At a hundred feet below water the pressures were enormous. A minute, indetectable pinprick anywhere in the fabric and water would be forced in.
“We can try it,” said Hornblower. “The sooner the better.”
That was how it always was—“the sooner the better” might be found written on a naval officer’s heart like Queen Mary’s Calais. Man the gig, see that all necessary equipment was packed into it, herd the divers into the bows after their lastminute instructions from McCullum, and start off without a minute wasted. Drink coffee with a Turkish Mudir at one hour, and dabble in underwater explosives the next. If variety was the spice of life, thought Hornblower, his present existence must be an Oriental curry.

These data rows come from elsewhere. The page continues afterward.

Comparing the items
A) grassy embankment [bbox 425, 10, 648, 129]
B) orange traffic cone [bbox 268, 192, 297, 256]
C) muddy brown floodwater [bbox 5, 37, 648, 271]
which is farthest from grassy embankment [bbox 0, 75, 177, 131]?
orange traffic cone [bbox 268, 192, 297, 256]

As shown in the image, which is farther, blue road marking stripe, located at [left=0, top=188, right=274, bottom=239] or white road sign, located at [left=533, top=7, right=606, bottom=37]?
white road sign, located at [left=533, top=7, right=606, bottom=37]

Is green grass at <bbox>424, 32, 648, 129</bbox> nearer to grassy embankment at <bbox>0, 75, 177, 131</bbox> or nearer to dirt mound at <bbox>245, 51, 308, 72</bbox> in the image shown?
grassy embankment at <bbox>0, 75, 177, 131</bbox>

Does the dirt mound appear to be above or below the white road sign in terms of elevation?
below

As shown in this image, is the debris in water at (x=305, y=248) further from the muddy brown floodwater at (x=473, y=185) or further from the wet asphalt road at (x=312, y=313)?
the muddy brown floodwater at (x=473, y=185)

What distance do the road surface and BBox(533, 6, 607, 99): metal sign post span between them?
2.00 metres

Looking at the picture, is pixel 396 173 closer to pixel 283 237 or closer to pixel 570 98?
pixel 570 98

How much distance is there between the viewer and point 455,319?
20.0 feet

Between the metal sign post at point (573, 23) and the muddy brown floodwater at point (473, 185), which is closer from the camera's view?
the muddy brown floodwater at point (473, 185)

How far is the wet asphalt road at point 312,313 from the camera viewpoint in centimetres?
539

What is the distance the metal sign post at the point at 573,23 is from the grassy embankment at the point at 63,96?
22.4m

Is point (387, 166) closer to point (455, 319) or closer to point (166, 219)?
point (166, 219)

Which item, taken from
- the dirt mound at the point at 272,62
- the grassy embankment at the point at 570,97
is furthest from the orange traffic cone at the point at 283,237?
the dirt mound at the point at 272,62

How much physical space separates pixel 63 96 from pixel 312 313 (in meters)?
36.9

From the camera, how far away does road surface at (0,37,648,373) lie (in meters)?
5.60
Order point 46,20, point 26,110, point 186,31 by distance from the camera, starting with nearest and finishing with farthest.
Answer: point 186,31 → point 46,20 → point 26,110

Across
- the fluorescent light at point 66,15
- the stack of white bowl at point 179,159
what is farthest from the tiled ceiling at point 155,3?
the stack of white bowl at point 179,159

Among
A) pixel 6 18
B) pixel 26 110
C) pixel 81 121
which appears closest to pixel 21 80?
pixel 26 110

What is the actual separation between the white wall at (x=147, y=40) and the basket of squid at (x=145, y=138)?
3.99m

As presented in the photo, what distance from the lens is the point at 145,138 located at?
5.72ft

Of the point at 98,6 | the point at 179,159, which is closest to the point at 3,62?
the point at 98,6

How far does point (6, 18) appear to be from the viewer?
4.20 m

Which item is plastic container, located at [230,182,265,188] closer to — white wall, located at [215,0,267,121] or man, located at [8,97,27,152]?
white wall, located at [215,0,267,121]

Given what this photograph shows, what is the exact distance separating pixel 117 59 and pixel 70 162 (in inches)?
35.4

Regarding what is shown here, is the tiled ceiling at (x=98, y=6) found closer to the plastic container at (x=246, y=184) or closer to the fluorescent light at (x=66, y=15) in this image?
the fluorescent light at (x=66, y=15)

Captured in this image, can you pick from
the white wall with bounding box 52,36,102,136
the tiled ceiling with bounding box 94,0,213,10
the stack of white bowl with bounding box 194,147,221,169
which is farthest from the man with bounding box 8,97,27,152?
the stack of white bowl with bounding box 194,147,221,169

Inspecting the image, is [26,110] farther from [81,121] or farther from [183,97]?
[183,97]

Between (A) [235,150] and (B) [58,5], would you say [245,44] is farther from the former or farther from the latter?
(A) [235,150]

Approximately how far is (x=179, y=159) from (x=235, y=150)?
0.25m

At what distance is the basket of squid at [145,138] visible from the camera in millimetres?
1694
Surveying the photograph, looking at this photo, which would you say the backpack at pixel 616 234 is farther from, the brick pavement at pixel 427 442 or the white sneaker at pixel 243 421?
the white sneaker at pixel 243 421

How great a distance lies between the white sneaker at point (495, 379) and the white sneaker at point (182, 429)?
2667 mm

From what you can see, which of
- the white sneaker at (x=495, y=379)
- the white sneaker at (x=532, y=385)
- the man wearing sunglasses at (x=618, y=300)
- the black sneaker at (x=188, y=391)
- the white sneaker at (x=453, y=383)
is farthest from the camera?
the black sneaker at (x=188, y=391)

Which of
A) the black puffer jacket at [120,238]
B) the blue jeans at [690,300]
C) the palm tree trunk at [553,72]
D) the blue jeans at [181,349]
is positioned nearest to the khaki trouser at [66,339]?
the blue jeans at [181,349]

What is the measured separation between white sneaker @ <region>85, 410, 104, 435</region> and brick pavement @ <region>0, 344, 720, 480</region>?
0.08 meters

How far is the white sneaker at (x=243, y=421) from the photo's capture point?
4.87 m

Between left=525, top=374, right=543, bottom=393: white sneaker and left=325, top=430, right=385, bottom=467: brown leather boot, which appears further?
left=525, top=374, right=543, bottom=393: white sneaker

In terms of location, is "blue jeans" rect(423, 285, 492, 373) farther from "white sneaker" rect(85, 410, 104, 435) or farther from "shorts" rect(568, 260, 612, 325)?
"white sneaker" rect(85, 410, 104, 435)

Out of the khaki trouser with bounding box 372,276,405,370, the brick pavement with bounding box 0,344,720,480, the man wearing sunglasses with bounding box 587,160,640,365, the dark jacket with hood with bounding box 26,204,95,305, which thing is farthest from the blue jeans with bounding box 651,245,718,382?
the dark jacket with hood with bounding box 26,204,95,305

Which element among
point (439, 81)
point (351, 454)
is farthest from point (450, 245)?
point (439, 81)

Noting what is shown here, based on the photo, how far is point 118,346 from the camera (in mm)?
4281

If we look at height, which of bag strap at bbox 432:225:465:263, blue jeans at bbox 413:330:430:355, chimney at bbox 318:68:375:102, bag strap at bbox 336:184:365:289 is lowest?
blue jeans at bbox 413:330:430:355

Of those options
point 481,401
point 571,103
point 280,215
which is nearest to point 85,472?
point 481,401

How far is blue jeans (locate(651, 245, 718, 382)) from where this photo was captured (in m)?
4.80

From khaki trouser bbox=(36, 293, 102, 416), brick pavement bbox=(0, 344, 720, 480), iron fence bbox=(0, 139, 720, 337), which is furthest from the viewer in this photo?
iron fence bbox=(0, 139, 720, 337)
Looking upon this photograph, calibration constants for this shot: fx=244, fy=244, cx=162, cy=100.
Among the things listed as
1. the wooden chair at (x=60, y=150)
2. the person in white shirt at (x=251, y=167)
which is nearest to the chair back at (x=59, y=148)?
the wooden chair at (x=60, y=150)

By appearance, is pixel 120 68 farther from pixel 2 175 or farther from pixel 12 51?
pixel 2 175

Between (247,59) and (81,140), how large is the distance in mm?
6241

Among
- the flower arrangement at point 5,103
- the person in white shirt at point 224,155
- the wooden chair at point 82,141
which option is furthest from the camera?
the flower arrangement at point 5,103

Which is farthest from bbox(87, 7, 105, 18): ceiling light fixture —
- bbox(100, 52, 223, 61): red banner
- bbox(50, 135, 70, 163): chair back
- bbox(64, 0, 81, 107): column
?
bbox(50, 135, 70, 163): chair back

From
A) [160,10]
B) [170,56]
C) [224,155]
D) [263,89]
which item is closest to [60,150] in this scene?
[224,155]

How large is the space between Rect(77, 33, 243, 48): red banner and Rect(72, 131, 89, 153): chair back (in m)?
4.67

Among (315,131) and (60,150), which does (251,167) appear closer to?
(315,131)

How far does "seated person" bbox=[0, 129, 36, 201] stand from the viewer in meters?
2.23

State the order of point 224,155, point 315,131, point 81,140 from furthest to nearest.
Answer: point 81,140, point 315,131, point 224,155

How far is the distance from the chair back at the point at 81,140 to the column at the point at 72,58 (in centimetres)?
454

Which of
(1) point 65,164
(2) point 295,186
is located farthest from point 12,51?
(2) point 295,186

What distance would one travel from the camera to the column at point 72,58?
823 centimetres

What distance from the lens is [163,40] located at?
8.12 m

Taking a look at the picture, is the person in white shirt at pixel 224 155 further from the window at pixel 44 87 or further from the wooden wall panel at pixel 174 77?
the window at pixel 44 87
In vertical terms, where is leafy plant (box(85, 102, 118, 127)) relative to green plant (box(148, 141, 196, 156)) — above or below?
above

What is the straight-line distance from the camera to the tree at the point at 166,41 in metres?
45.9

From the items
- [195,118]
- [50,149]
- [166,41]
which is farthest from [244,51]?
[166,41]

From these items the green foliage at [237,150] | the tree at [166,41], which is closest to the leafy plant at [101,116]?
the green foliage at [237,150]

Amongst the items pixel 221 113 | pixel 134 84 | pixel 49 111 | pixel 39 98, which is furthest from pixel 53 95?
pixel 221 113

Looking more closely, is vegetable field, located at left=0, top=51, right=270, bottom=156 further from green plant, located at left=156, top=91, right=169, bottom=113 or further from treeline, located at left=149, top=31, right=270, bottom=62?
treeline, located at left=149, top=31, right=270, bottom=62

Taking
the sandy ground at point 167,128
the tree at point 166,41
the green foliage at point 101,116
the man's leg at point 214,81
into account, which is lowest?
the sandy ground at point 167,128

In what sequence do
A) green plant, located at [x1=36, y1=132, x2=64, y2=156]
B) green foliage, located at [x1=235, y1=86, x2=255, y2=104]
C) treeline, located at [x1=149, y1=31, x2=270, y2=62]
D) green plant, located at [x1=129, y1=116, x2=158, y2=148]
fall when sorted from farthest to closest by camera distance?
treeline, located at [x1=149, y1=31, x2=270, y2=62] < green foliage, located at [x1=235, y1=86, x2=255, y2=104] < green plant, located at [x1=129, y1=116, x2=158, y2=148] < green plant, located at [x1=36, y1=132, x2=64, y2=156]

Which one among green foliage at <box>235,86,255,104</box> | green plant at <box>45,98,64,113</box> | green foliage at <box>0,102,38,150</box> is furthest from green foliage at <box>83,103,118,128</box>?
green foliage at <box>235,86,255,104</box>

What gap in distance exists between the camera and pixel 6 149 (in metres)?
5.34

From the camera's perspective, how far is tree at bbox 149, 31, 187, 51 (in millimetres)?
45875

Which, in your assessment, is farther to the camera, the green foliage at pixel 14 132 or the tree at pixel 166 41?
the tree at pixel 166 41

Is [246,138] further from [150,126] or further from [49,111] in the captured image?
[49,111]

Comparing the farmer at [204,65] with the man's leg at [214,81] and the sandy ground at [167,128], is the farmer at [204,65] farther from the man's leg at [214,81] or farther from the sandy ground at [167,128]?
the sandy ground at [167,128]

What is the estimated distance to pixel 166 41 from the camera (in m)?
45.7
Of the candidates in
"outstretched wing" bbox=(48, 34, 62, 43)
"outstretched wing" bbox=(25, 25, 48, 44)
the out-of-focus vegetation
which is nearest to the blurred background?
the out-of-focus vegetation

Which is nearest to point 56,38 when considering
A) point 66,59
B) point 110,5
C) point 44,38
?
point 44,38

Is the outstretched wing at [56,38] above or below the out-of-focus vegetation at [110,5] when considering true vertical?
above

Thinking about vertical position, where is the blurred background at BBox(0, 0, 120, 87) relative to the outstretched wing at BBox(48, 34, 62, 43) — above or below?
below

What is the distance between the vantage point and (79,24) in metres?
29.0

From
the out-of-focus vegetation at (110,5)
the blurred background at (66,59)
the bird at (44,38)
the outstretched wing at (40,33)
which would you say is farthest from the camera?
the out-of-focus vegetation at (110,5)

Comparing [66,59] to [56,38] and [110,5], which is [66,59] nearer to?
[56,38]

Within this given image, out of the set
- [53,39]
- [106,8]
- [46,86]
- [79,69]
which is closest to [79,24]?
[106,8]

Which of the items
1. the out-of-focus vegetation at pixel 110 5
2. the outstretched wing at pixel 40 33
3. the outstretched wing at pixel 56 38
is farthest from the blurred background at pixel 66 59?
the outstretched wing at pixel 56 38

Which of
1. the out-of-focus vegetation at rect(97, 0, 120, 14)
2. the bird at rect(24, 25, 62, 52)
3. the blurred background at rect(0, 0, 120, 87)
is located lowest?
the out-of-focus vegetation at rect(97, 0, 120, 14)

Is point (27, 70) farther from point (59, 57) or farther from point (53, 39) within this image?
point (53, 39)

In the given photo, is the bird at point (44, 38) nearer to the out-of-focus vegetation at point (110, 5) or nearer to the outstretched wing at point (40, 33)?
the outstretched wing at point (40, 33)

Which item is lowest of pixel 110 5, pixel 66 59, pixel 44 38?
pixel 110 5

“Easy!” he ordered, and the gig drifted slowly up to the moored plank which marked the accessible point of the wreck underneath.
Looney knew his business. The canvascovered powder keg lay beside him; it was bound with line, and Looney took another short length of line, secured one end to the keg, passed the line round the mooring line of the buoy, and secured the other end to the keg again. He checked to see that the free end of the fusehose was properly fastened to the empty keg that was to buoy it up, and then gave a piping order to one of his colleagues, who stood up to take off his clothes. Looney laid hold of the powder keg, but it was too heavy for his spindly arms.
“Help him, you two,” said Hornblower to the two seamen nearest. “See that the line’s clear and see that the hose is clear, too.”
Under Looney’s direction the powder keg was lifted up and lowered over the side.
“Let go! Handsomely! Handsomely!” ordered Hornblower.
It was a tense moment—one more tense moment—to watch the powder keg sink below the choppy surface. By the line attached to it the seamen lowered it slowly down, the fusehose uncoiling after it as the keg sank. The loop of line which Looney had passed round the mooring line of the buoy made certain that the keg would sink to the right place.
“Bottom, sir,” said a seaman, as the lowering line went slack in his hands. Several feet of hose remained in the boat.
The diver was sitting on the opposite gunwale; he carried a sheath knife on a string round his naked waist, and he took in his hands the cannon ball that Looney gave him. Then he lowered himself over and vanished under the surface. They waited until he came up; they waited while the next diver went down and came up again, they waited while Looney took his turn too. Dive succeeded dive; apparently it was not too easy an operation to move the powder keg to exactly the right place under the break of the Speedwell’s poop. But presumably, down below the surface, the thing was achieved in the end. Looney came up from what seemed to be an extra long dive; he had to be helped over the gunwale and he lay gasping in the bows for some time recovering. Then at last he sat up and made to Hornblower the unmistakable gesture of handling flint and steel.
“Strike a light,” said Hornblower to Leadbitter. In all his life he had never properly acquired the knack of it.
Leadbitter opened the tinder box, and struck, and struck again. It did not take Leadbitter more than six times before he succeeded. He bent and blew the spark on the tinder into life, took the piece of slow match and caught the fire on it, blew that into life too, and looked to Hornblower for further orders.